The records below are to be restated word for word, with every picture left out.

----- INPUT FOR THIS TASK

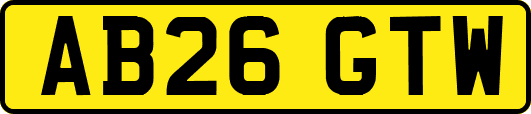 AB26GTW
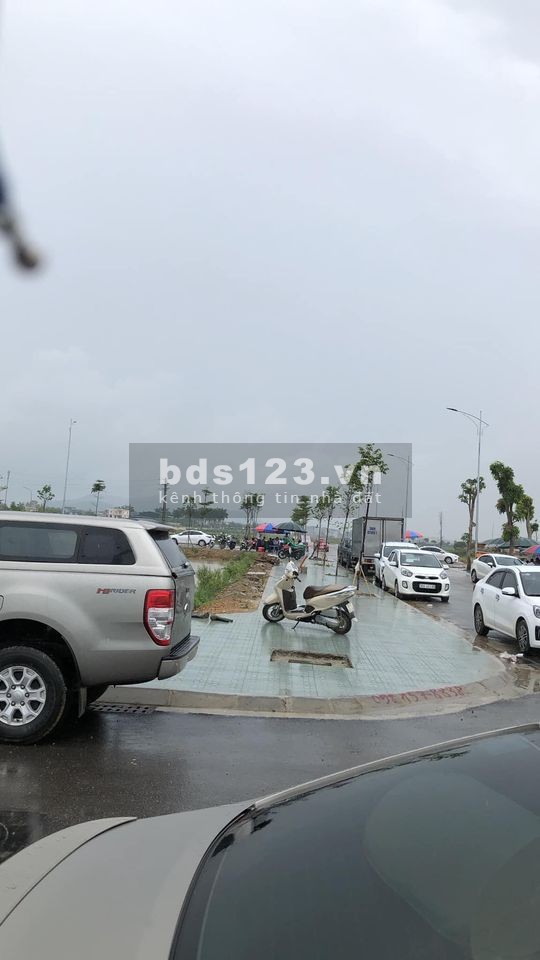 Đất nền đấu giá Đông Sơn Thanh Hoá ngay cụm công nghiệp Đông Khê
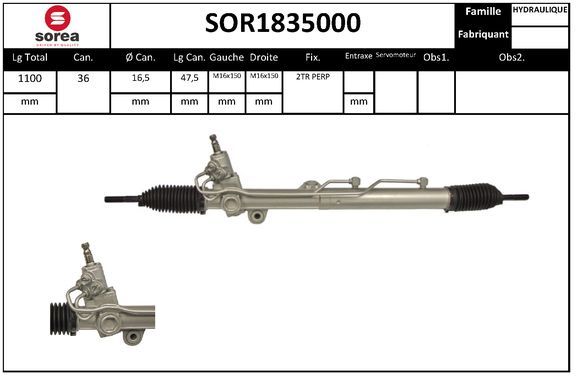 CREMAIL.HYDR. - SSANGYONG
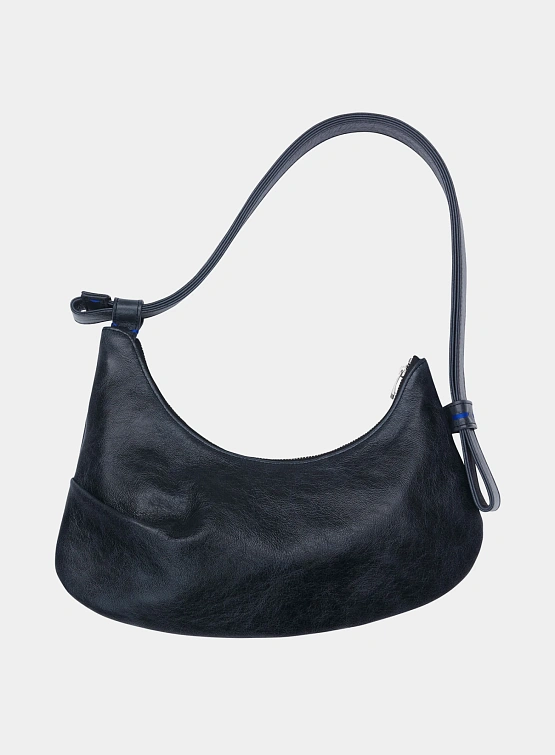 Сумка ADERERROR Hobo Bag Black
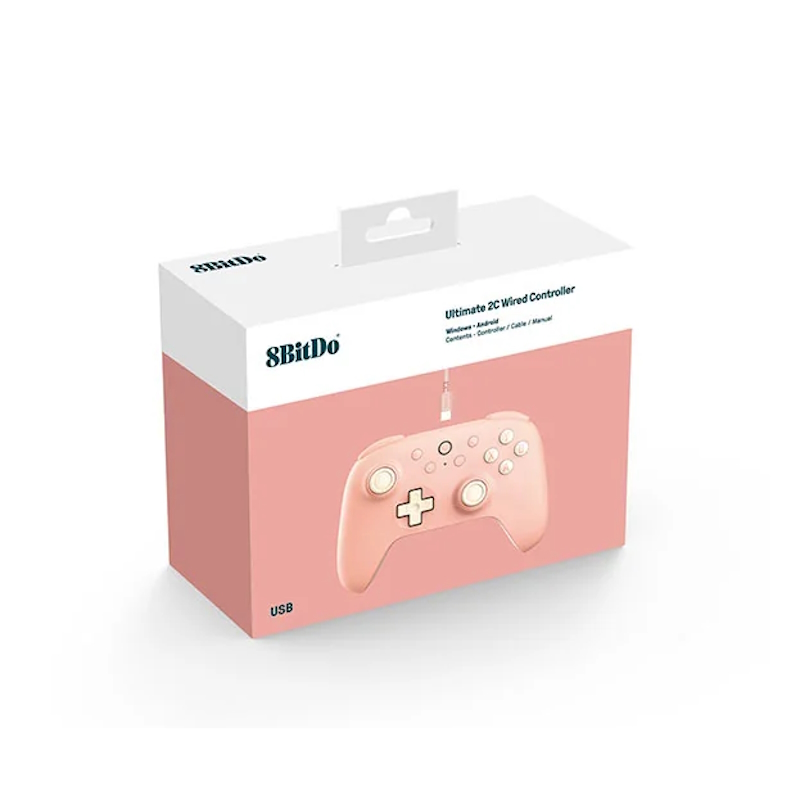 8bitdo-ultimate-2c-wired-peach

----------

EXERCISE ANSWER –
 AB26GTW
 Đất nền đấu giá Đông Sơn Thanh Hoá ngay cụm công nghiệp Đông Khê
 CREMAIL.HYDR. - SSANGYONG
 Сумка ADERERROR Hobo Bag Black
 8bitdo-ultimate-2c-wired-peach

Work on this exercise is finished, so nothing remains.